> _Your objective_
Go to the line containing "Maskë zhytjeje SJCAM" in the records below and print it and every following line exactly, on through the line containing "Metaltex 185311010 Vorratsdose", then stop.

--

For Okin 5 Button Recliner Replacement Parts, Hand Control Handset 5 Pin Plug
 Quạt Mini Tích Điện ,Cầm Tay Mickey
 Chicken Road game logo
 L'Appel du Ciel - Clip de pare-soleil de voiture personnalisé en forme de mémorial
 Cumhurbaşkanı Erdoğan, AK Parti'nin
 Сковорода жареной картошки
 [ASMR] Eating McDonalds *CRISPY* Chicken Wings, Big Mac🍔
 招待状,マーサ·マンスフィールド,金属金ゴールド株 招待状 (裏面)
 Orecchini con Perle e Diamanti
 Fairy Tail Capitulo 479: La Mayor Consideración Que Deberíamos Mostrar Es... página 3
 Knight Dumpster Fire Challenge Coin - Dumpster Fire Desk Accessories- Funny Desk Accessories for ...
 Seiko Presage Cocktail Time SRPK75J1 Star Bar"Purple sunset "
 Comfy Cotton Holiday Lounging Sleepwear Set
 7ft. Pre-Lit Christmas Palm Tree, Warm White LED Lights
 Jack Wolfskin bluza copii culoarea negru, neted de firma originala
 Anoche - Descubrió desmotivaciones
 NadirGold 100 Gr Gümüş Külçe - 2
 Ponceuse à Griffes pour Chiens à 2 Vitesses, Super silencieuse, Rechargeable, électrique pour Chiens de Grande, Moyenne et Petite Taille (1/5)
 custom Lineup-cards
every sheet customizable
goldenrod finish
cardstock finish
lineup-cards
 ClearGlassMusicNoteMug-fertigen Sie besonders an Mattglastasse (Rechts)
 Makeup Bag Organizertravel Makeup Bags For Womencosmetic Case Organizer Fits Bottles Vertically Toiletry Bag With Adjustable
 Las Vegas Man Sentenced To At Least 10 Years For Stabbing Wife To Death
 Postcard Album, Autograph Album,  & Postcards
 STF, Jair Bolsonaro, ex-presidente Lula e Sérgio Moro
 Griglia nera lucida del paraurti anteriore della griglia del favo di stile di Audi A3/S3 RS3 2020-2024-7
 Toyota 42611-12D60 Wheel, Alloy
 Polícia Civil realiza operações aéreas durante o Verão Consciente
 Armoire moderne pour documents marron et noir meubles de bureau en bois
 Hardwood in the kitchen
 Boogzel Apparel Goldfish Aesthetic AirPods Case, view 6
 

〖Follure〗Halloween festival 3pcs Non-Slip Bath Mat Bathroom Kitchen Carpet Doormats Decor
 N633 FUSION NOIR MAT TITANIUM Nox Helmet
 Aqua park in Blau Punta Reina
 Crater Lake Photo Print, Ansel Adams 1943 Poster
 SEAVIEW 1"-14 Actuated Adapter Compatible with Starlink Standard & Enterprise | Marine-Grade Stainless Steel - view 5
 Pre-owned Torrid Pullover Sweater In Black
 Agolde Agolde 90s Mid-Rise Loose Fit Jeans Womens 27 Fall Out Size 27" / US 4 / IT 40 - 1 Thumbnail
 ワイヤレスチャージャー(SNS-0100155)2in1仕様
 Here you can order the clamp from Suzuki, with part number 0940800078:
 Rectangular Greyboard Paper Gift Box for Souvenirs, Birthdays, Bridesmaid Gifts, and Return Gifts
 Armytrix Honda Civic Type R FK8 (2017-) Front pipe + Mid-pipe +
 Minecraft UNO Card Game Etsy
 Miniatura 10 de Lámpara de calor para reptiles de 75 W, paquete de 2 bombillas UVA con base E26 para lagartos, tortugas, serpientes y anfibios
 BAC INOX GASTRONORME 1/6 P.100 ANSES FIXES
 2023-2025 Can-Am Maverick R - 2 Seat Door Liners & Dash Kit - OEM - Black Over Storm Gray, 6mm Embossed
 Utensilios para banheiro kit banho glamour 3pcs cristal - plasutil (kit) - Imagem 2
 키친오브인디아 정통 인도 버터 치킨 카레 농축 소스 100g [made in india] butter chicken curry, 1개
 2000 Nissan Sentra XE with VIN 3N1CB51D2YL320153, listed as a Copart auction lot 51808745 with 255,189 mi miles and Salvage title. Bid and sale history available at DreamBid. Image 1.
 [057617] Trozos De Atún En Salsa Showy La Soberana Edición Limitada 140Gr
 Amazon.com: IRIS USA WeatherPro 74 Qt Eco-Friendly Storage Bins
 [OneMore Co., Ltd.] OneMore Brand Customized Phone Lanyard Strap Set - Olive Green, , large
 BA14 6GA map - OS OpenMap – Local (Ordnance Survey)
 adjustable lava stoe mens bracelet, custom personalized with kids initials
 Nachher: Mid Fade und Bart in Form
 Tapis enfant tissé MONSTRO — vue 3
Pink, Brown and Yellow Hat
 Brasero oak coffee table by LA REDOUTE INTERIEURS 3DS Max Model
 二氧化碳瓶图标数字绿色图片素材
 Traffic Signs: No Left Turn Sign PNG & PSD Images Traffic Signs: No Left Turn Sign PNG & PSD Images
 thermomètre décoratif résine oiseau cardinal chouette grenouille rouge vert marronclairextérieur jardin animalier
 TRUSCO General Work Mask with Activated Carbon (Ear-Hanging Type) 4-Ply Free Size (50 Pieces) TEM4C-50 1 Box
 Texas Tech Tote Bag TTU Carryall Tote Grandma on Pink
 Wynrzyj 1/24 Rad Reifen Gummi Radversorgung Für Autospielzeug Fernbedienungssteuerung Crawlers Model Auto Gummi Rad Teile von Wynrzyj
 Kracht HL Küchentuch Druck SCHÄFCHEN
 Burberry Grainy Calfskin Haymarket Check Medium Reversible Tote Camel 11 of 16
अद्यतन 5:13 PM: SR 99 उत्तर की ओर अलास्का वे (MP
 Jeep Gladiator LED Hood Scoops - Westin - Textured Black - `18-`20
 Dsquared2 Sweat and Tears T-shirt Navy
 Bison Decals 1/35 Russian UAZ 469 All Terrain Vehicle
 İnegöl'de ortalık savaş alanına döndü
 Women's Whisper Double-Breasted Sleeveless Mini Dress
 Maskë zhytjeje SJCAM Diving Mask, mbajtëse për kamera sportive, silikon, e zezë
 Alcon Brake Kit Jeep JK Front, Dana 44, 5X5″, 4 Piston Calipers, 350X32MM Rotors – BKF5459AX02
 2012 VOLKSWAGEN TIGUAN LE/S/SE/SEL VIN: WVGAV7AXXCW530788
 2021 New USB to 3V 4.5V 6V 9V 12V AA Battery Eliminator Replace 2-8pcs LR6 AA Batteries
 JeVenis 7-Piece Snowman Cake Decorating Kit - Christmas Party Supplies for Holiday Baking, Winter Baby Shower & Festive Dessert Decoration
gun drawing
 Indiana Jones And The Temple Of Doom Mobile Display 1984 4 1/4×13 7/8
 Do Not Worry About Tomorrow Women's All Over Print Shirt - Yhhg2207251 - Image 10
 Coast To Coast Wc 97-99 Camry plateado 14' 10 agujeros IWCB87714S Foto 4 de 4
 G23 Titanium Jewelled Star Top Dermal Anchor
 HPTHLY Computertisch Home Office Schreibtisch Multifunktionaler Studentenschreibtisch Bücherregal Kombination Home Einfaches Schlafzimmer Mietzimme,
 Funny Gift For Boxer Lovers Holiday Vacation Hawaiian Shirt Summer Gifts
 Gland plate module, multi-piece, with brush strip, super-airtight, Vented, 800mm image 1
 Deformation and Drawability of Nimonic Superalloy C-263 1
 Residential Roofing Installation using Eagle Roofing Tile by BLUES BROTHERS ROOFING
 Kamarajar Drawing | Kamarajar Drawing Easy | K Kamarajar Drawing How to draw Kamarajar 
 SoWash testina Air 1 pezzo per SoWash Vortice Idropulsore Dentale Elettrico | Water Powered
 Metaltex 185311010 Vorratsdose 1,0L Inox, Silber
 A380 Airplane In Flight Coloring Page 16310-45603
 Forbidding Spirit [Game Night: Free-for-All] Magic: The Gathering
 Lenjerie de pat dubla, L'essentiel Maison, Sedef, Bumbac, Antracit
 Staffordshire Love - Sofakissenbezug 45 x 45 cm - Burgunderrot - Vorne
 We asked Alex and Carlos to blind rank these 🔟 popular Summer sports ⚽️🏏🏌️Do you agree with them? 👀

--

> _Finished task_
 Maskë zhytjeje SJCAM Diving Mask, mbajtëse për kamera sportive, silikon, e zezë
 Alcon Brake Kit Jeep JK Front, Dana 44, 5X5″, 4 Piston Calipers, 350X32MM Rotors – BKF5459AX02
 2012 VOLKSWAGEN TIGUAN LE/S/SE/SEL VIN: WVGAV7AXXCW530788
 2021 New USB to 3V 4.5V 6V 9V 12V AA Battery Eliminator Replace 2-8pcs LR6 AA Batteries
 JeVenis 7-Piece Snowman Cake Decorating Kit - Christmas Party Supplies for Holiday Baking, Winter Baby Shower & Festive Dessert Decoration
gun drawing
 Indiana Jones And The Temple Of Doom Mobile Display 1984 4 1/4×13 7/8
 Do Not Worry About Tomorrow Women's All Over Print Shirt - Yhhg2207251 - Image 10
 Coast To Coast Wc 97-99 Camry plateado 14' 10 agujeros IWCB87714S Foto 4 de 4
 G23 Titanium Jewelled Star Top Dermal Anchor
 HPTHLY Computertisch Home Office Schreibtisch Multifunktionaler Studentenschreibtisch Bücherregal Kombination Home Einfaches Schlafzimmer Mietzimme,
 Funny Gift For Boxer Lovers Holiday Vacation Hawaiian Shirt Summer Gifts
 Gland plate module, multi-piece, with brush strip, super-airtight, Vented, 800mm image 1
 Deformation and Drawability of Nimonic Superalloy C-263 1
 Residential Roofing Installation using Eagle Roofing Tile by BLUES BROTHERS ROOFING
 Kamarajar Drawing | Kamarajar Drawing Easy | K Kamarajar Drawing How to draw Kamarajar 
 SoWash testina Air 1 pezzo per SoWash Vortice Idropulsore Dentale Elettrico | Water Powered
 Metaltex 185311010 Vorratsdose 1,0L Inox, Silber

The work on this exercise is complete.